So, I went to get my hair cut Friday afternoon because I was starting to look like a character from the Flintstones.
I drove down the street to the Superhaircuttery where I get my locks lovingly shorn.
“Is Crystal here?” I asked.
“Crystal doesn’t work here anymore,” the receptionist said with a smirk on her face.
“Okay.” I paused. “Can you tell me where she went?”
“I don’t know,” she said, even though I knew she knew and she knew that I knew she knew.
“Sorry,” she lied as I walked out the door of Superhaircuttery for the very last time, one single tear cascading down my cheek.
This, folks, is an emergency. A butch emergency. Code flannel. Crystal has been cutting my hair for the past five years or so.
W doesn’t get it.
“It’s a Superhaircuttery,” she said. “Why don’t you try one of those unisex places?”
It’s not about the place. It’s about the stylist.
Someone who won’t refuse to cut my hair short.
“Are you sure you want it that short?” I’ve had many hair stylists ask.
“You can’t cut it too short,” I’ve told them, even though they never cut it short enough.
True story: I once got my hair cut twice in one day because the first stylist refused to cut it as short as I wanted.
Someone who won’t refuse to square off my sideburns. “Square sideburns are for men. Angled sideburns are for women,” I once had a 17-year-old hair stylist lecture me.

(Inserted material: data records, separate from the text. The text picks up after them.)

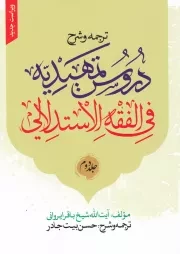 ترجمه و شرح دروس تمهیدیه فی الفقه الاستدلالی - جلد دوم (ویراست جدید)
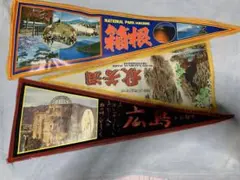 レトロ　タペストリー　まとめ売り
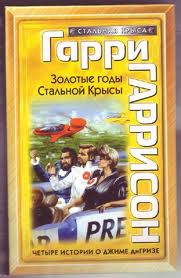 Крыса из нержавеющей стали Золотые годы Стальной Крысы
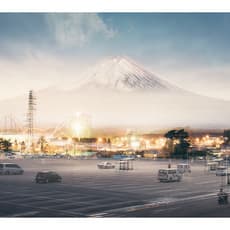 Charles Emerson (b. 1935)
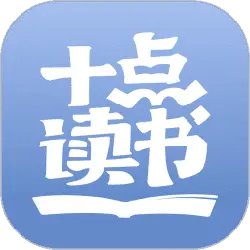 10+读书 - growth - Transparent Background PNG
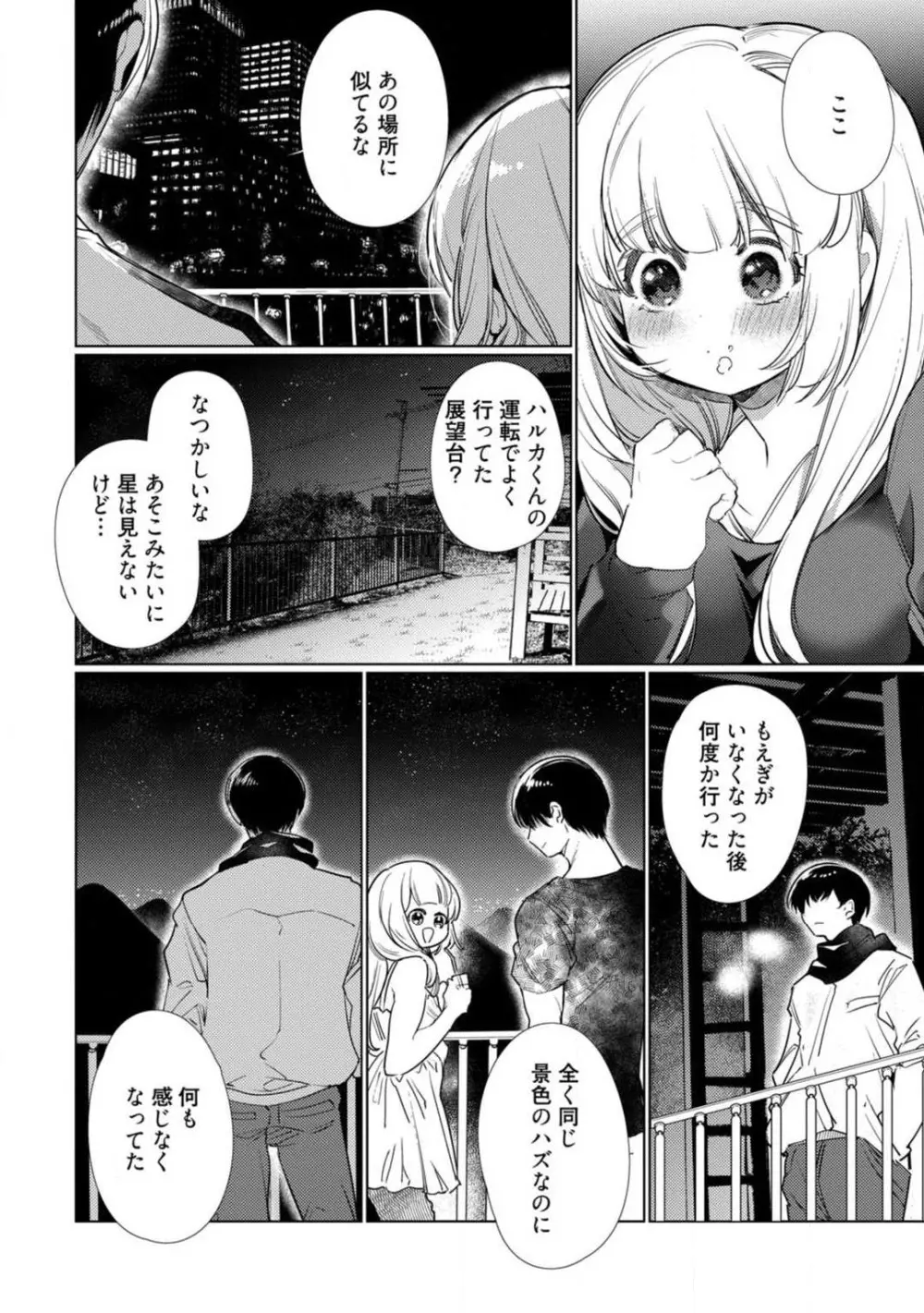 黒猫おさななじみが逃がしてくれない。 1-10 Page.108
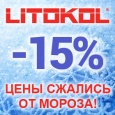 Зимние скидки от LITOKOL!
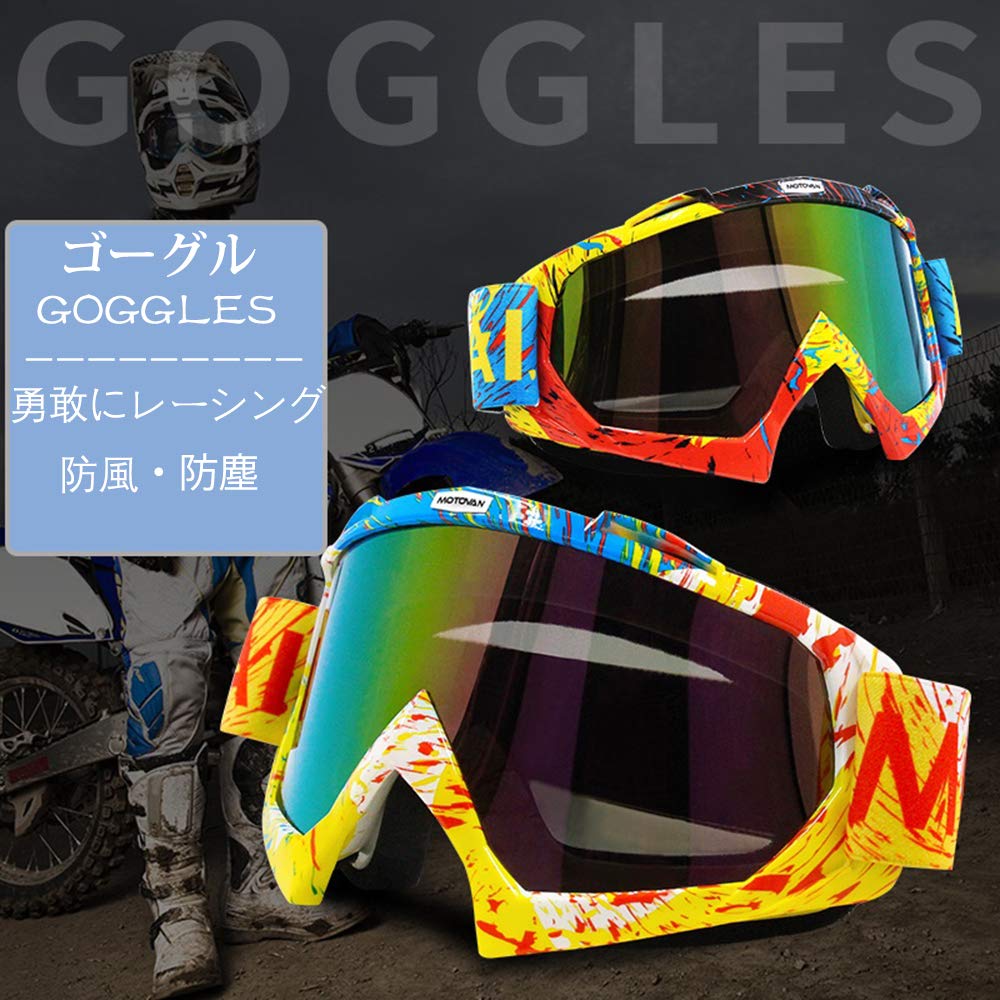 Motorcycle Enduro Motocross Motorcycle Racing Motocross Windproof Goggles Clear [UISBOU] Off-Road Goggles, Goggles, Glasses, Anti-UV, Off-Road (X495-1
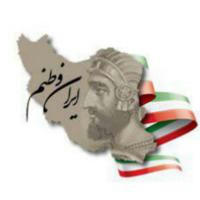 ایران وطنم|خبر فوری|پروکسی|اعتراضات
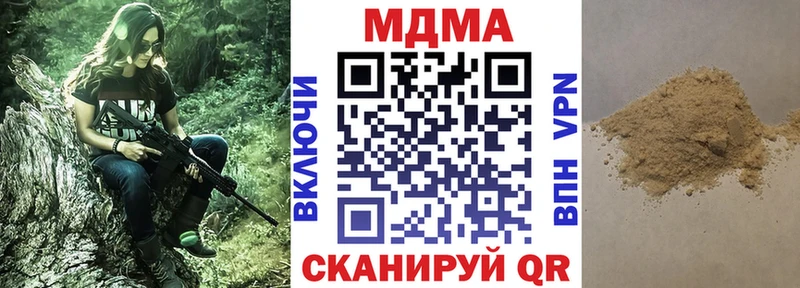 MDMA VHQ  даркнет сайт  Сорск 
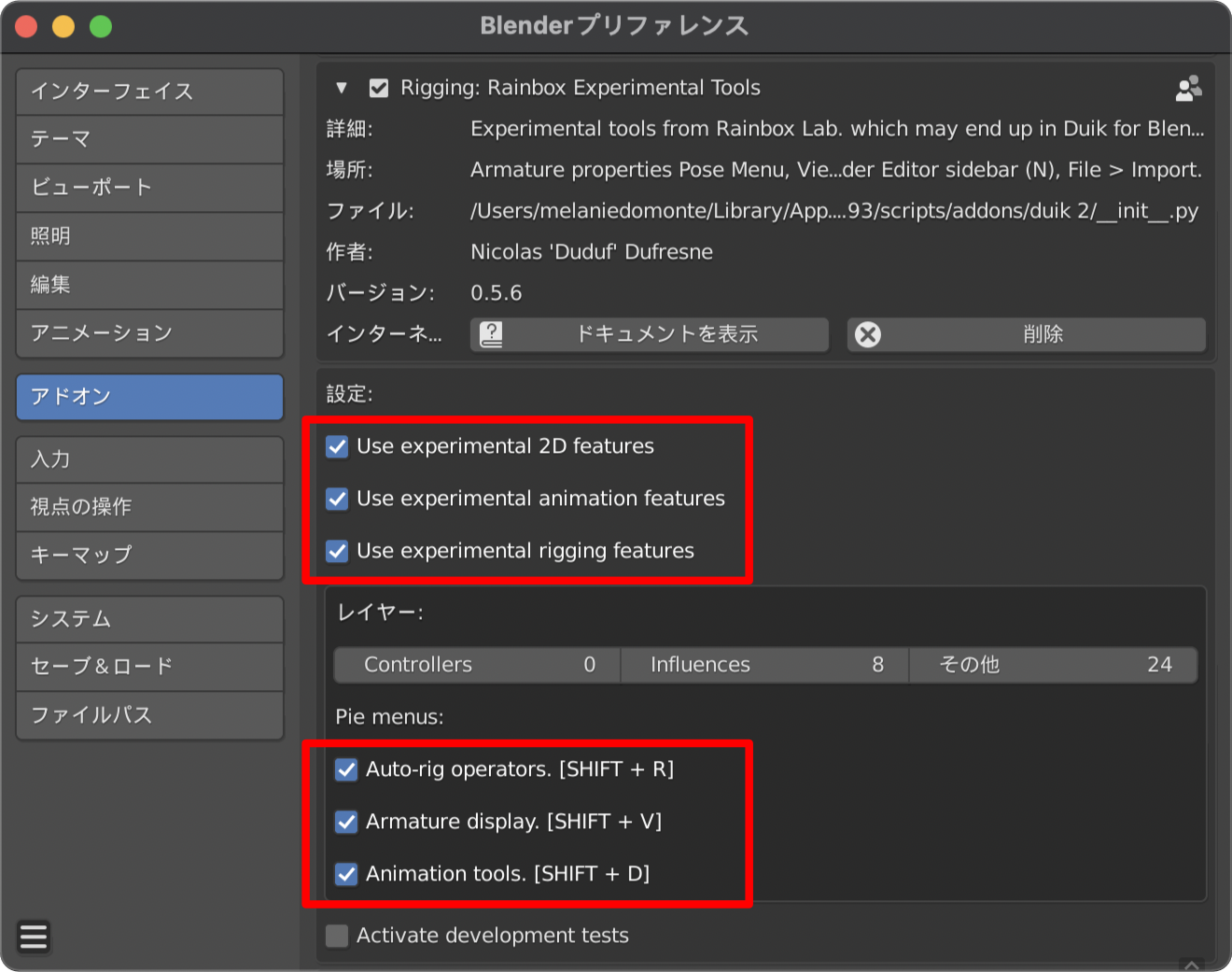 Blenderへの書き出し – Callipeg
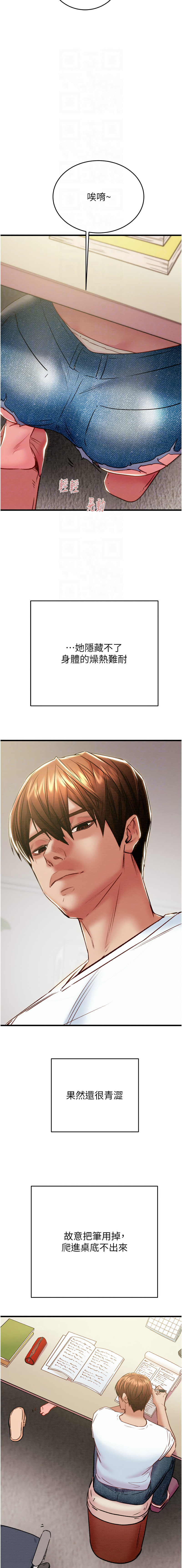 [韩国漫画] 掠夺行动 剧情,巨乳大奶#[21P]-9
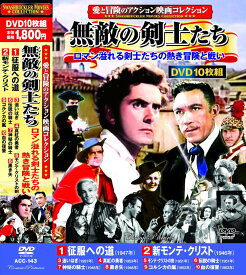 楽天市場 モンテ クリスト伯 映画 無料 Cd Dvd の通販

Someone who won’t chase me out of the shop because I’m a woman. “I don’t cut women’s hair!” a stylist once yelled at me when I entered her barber shop.
Crystal knew my usual. A number four on the sides and back. No fringe. Cleanup the sideburns. Scissor cut the top. Short, spiky.
I find myself stuck in that middle place again.
There’s no haircut place around here catering to butch women.
I picture myself walking into a beauty parlor or barber shop and holding my breath, bracing for the reaction.
Steeling myself for acceptance. Or something else.